[PROBLEM TO SOLVE]:
Excluding pictures, retype the line with "Let's practice first." and each line that follows it to the end of the data below, word for word.
(EXERCISE INPUT begins)
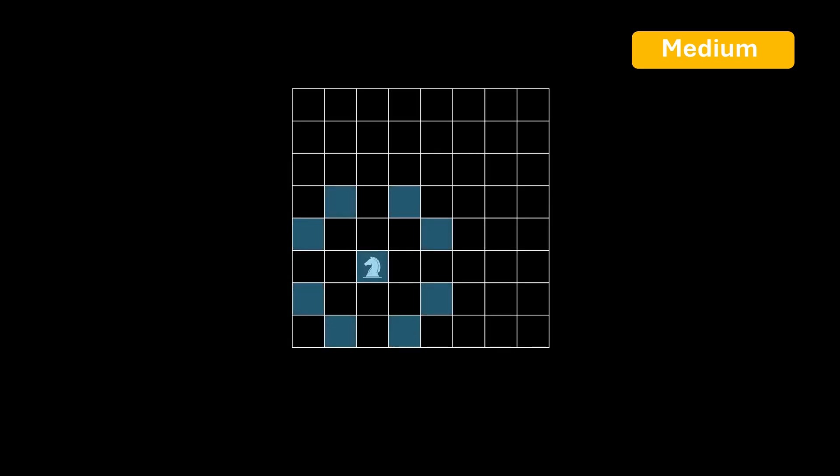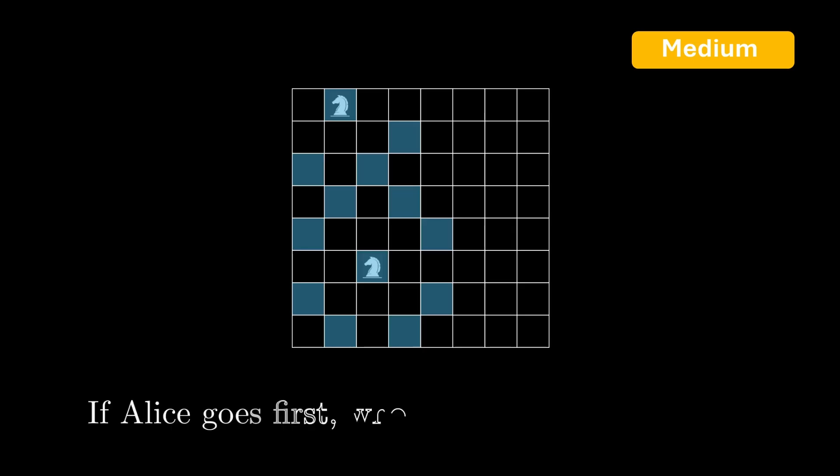So Bob cannot place a knight on any of the blue squares. Suppose Bob places a knight on this square, then Alice must place a knight on a square where no knight has been placed, and that isn't attacked by any previously placed knight, and the game continues in this manner. The player who cannot place a knight loses. So if Alice goes first, who has a winning strategy under optimal play?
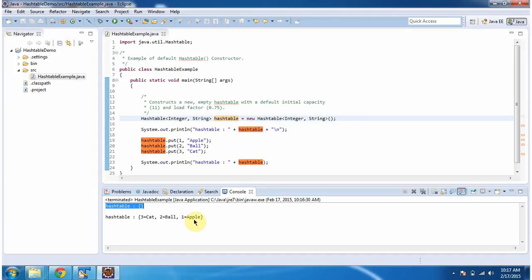And this is about how to create hash table using default hash table constructor. And thanks for watching.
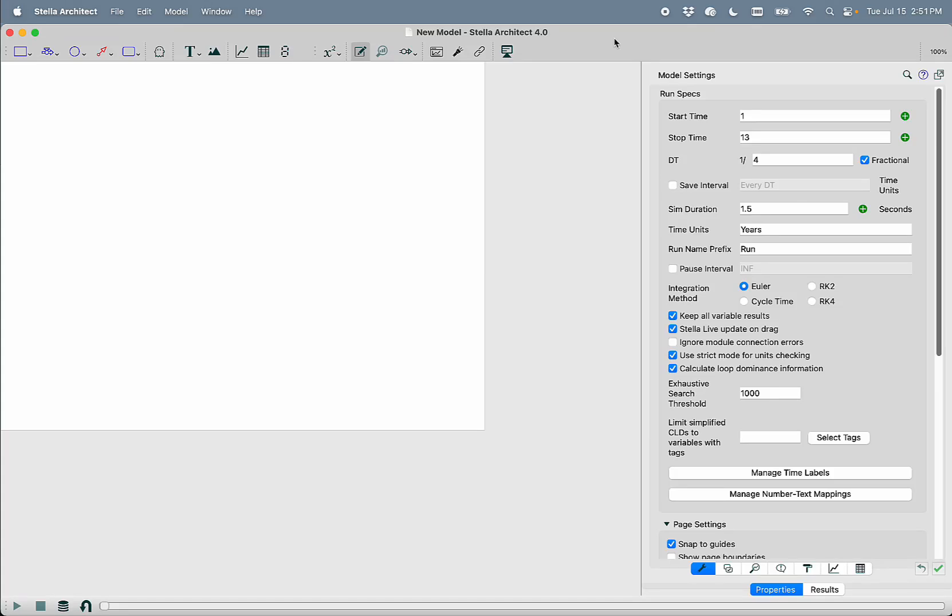My name is Billy Schoenberg, and I'm here to talk to you about one of the coolest new features in Stella Architect 4.0, the ability to use generative AI to help you build models as well as understand models.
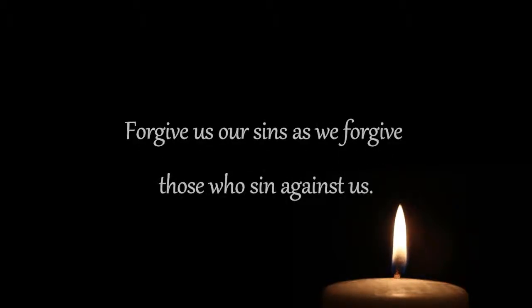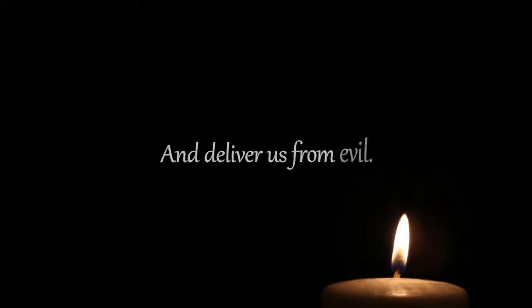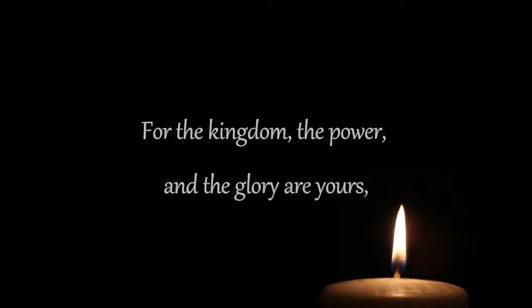Give us today our daily bread. Forgive us our sins as we forgive those who sin against us. Save us from the time of trial. And deliver us from evil. For the kingdom, the power, and the glory are yours. Now and forever. Amen.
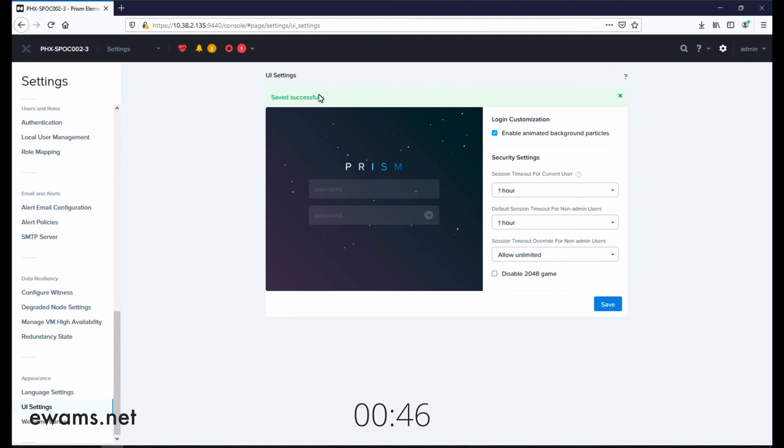And you can see it is now saved successfully. So the admin user will only be logged out after an hour.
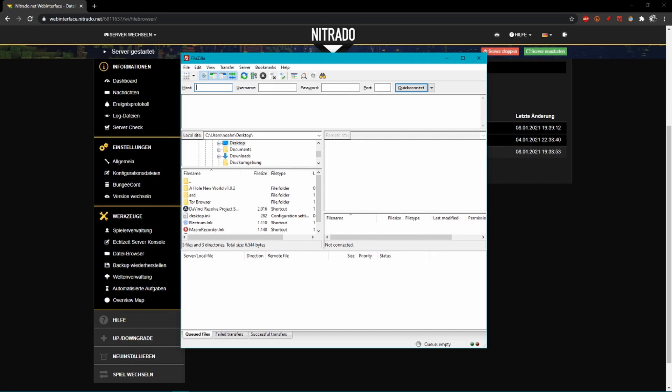Hey there. Today I'm going to show you how to upload a Minecraft map to your Nitrado server.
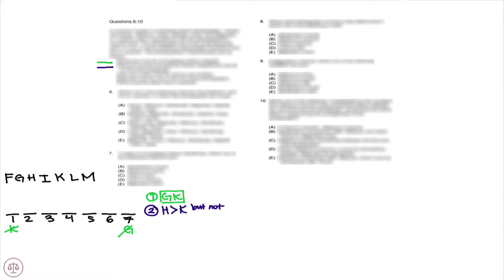This means that caddy did can't be first and gardenia can't be seventh. Rule number two: Hibiscus must be somewhere before caddy did but cannot be the first photograph, meaning hibiscus can't be last and it cannot be first.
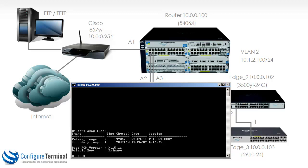You can boot off either the primary image or secondary image. At the moment you can see on this switch, the default boot is the primary image.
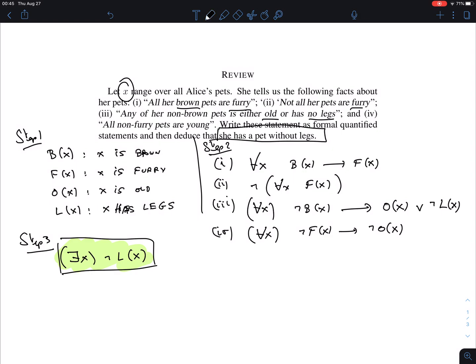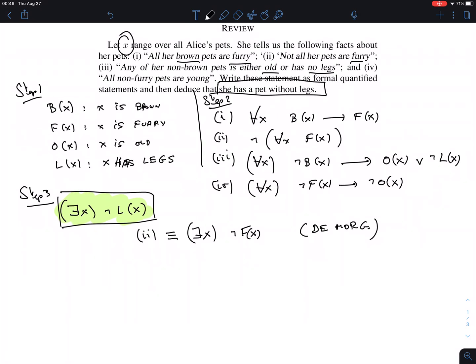Before going further, statement two in its current form ¬∀x F(x) is hard to work with because the negation is outside a quantifier. Let's rewrite it using De Morgan's law for quantifiers: you flip the quantifier and negate the predicate inside. So ¬∀x F(x) becomes ∃x ¬F(x). That's great news because this gives us exactly the negation we were looking for.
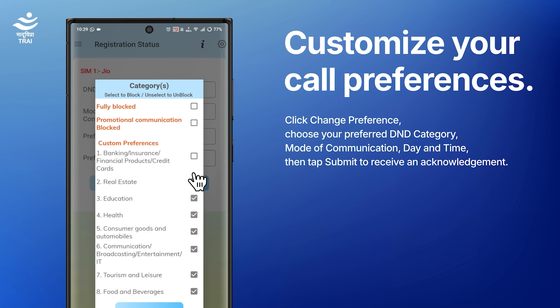Custom: you can choose specific categories to block, and all messages or calls from that category will be fully blocked. Be careful while choosing — some messages, like from your bank, might still be important.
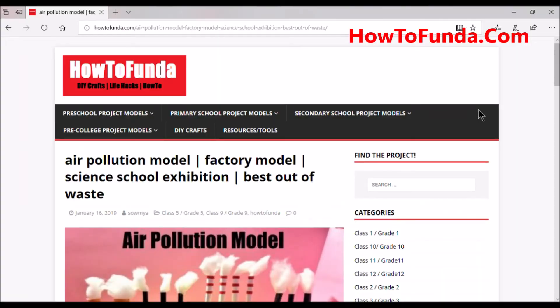Hey friends, welcome to How To Funda channel. In this video I am going to talk about the air pollution model — what air pollution is about — I am going to give a detailed explanation with more information.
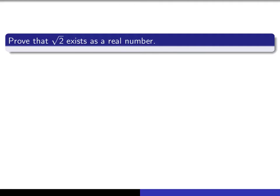The exercise we're going to do next is to make use of that completeness property of the set of real numbers to prove that there really is a real number whose square is equal to 2. I think this is quite an important exercise, and even though the argument may look a little bit involved, once you understand it, I think you'll find it's really not all that complicated.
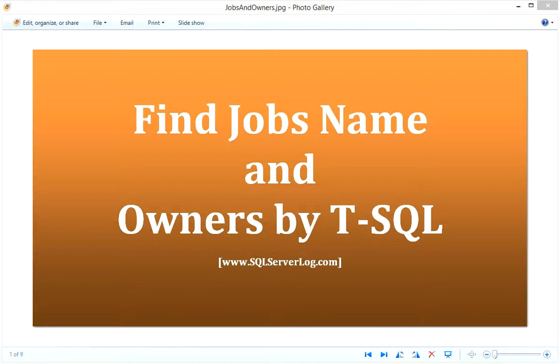If you want to find SQL jobs name and owners by which particular job is running, then you can find the same by joining two objects, sysjobs and syslogins from MSDB database and master database respectively.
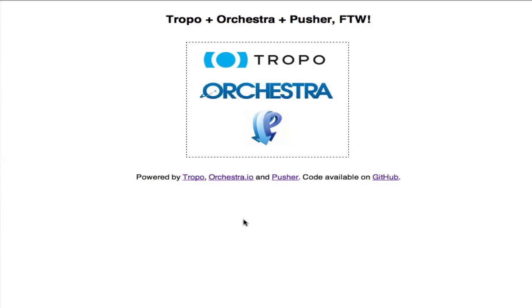I'm actually going to revisit an app that I've done several different times. It's a real-time web app that's built with Tropo that lets you control a web page — basically a browser instance — with your voice. You can actually control the appearance of the web page in your browser using your voice. I've done this several different times using several different technology stacks, mainly because it's just really easy to do with Tropo. It's very conducive to building real-time web apps and giving first-class status to phones, text messaging clients, and instant messaging clients when you're building or using real-time web apps.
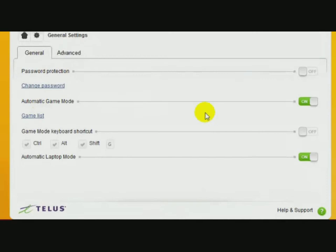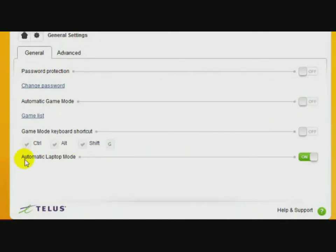Automatic Game Mode, I'll turn that off, and Automatic Laptop Mode, I'll turn that off, and close.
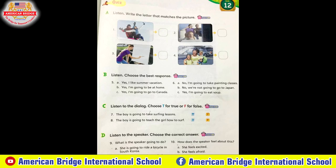Exercise B — listen and choose the best response. Five: Are you going anywhere during the vacation? Six: Are you going to take skiing classes? Exercise C — listen to the dialogue and choose T for true or F for false. Dialogue: 'Do you have any plans for the vacation?' 'Yes, I'm going to go surfing.' 'I want to learn how to surf.' 'I can teach you how to surf.' 'We are going to have so much fun.'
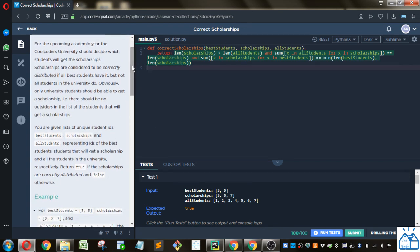For the upcoming academic year, the Cool Coders University should decide which students will get the scholarship. Scholarships are considered to be correctly distributed if all best students have it, but not all the students in the university do. Obviously, only university students should be able to get a scholarship. There should be no outsiders in the list of the students that will get a scholarship.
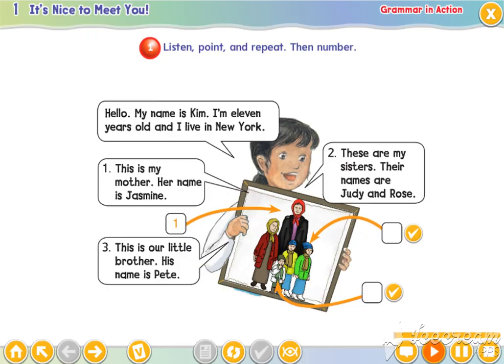Let's practice first. Are you ready? OK, let's start.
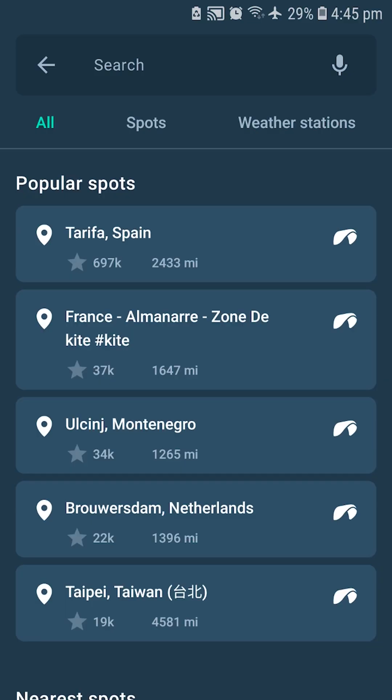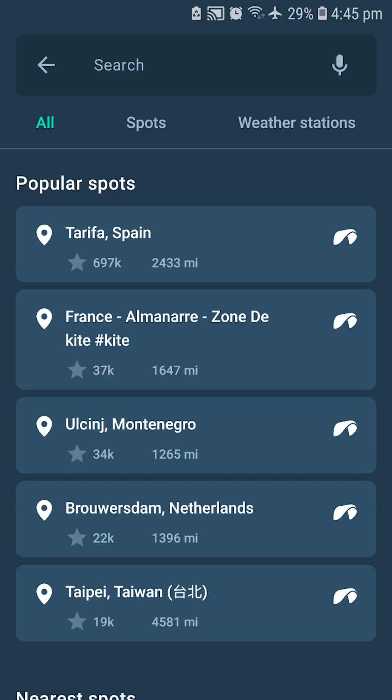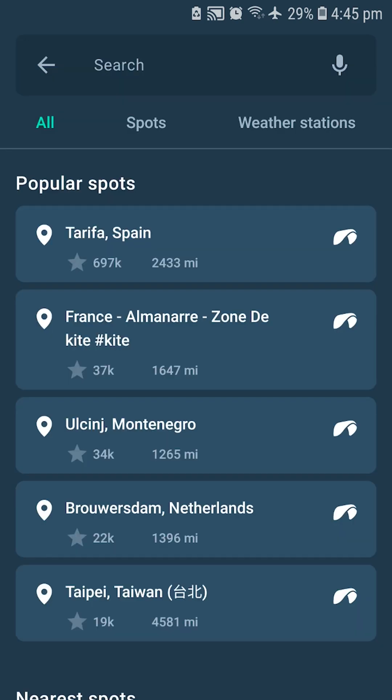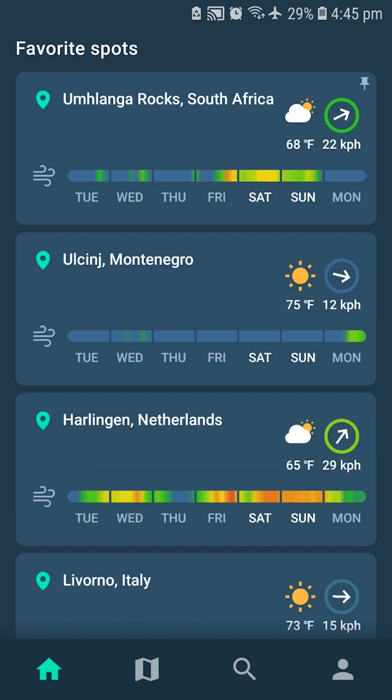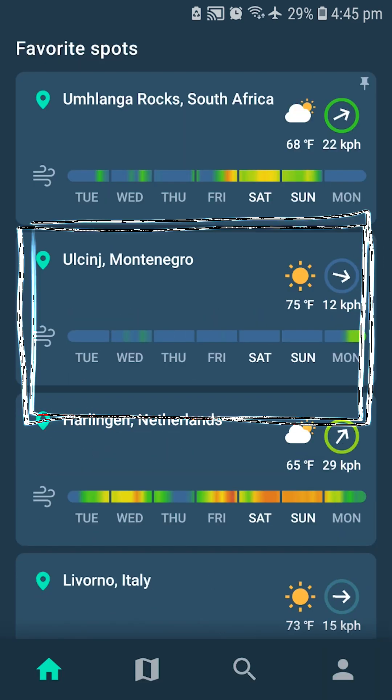I'm going to show you how to add a spot to favorites. You just need to open a spot you like and then click on the star icon in the upper right corner, and now you can see it's added to your favorites on the home page.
(EXERCISE INPUT ends)
[RESPONSE TO THIS EXERCISE]:
Let's practice first. Are you ready? OK, let's start.
I'm going to show you how to add a spot to favorites. You just need to open a spot you like and then click on the star icon in the upper right corner, and now you can see it's added to your favorites on the home page.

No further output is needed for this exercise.